Robert Carsen revisite "Elektra" à l’Opéra Bastille
Electre et ses doubles
L’opéra national de Paris a proposé, du 27 octobre au 1er décembre 2013, une série de représentations d’ « Elektra  » de Richard Strauss, dans la mise en scène de Robert Carsen conçue pour le Mai musical florentin en 2008. Waltraud Meier, qui avait composé un portrait inhabituellement intériorisé de Clytemnestre, dans la perturbante mise en scène de Patrice Chéreau au festival d’Aix-en Provence, en donne ici une toute autre incarnation. Un fascinant jeu d’actrice, dans un dédoublement et une proximité dans le temps qui donnent le vertige !
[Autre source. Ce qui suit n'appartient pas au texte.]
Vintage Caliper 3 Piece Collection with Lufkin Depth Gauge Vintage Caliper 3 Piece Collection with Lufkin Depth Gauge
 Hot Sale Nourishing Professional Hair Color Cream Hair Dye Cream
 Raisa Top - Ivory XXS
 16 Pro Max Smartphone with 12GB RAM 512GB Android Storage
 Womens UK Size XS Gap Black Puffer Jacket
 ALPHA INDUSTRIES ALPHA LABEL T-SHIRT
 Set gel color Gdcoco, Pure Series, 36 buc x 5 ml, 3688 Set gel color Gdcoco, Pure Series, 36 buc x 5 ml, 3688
Toute mise en scène permet de faire jaillir de nouveaux sens, et peut donner l’illusion au spectateur qu’il voit l’œuvre pour la première fois. L’expérience de voir deux visions d’un opéra aussi fort qu’Elektra, en peu de temps, est à cet égard saisissante. Alors que les images de l’ultime spectacle de Patrice Chéreau étaient encore très présentes, dans le souvenir d’une réalisation proche de l’idéal, la proposition de Robert Carsen, reprise à l’Opéra Bastille a apporté de puissants effets de surprise. Cette confrontation nous rappelle combien le metteur en scène est un lecteur singulier, dans ce qu’Umberto Ecco appelle la coopération interprétative. Elektra trouve ici de nouveaux contours, et des images qui créent d’autres chocs. Il ne s’agit pas de minimiser l’intensité du premier spectacle, mais de mesurer combien l’œuvre est riche, et capable de renaître à chaque nouveau regard.
Rituels de deuil
La vision de Robert Carsen est très ritualisée. Le décor dépouillé évoque quelque cérémonie funèbre, à laquelle les parois glacées donnent une grandeur tragique
La vision de Robert Carsen est très ritualisée. Le décor dépouillé évoque quelque cérémonie funèbre, à laquelle les parois glacées donnent une grandeur tragique. Le sol est recouvert de terre. Les servantes, lors de la première scène, sont regroupées en une véritable meute, et Electre, vêtue de la même manière et qui se confond parfois avec elles, a l’ aspect d’un animal blessé. Au cœur du plateau, une fosse où tout se joue, lieu de mémoire et de sacrifice. Durant son premier monologue, d’une force dévastatrice, Electre en sort le cadavre de son père, totalement nu. Les servantes le soulèvent et l’exhibent, tout en marchant. Toutes ces femmes regardent dans une même direction, comme s’il s’agissait d’un seul personnage. Ce sont elles qui amènent Clytemnestre sur un lit, en une même gestuelle, lors de son entrée en scène. Ainsi, nous la découvrons hallucinée, s’éveillant de ses mauvais rêves et sortant d’une nuit de fièvre. Dans une telle proximité, Electre, à qui elle vient confier ces cauchemars qui la rongent, paraît une sorte de démiurge, qui orchestre ses angoisses nocturnes, pour qu’elle se souvienne de l’innommable. Des ombres projetées sur les murs accentuent l’inquiétante étrangeté. Au terme de la confrontation entre la mère et sa fille, le lit est jeté avec détermination dans la fosse, en un sinistre présage. C’est dans cette fosse, enfin, que s’accomplit la vengeance, où a lieu la double exécution de Clytemnestre et d’Egisthe. Philippe Giraudeau apporte, dans sa chorégraphie, une implacable intensité à ces rituels de deuil qui semblent, plus que jamais, s’étendre à tout un groupe . Son beau travail sur le mouvement, d’une cohérence parfaite,rappelle, par sa puissance, la fascinante scène finale qu’il avait règlée pour les Dialogues des carmélites, également proposés par Robert Carsen. La mise en scène, très esthétique, explore avec minutie et une bouleversante humanité, des âmes malades, en quête de rédemption.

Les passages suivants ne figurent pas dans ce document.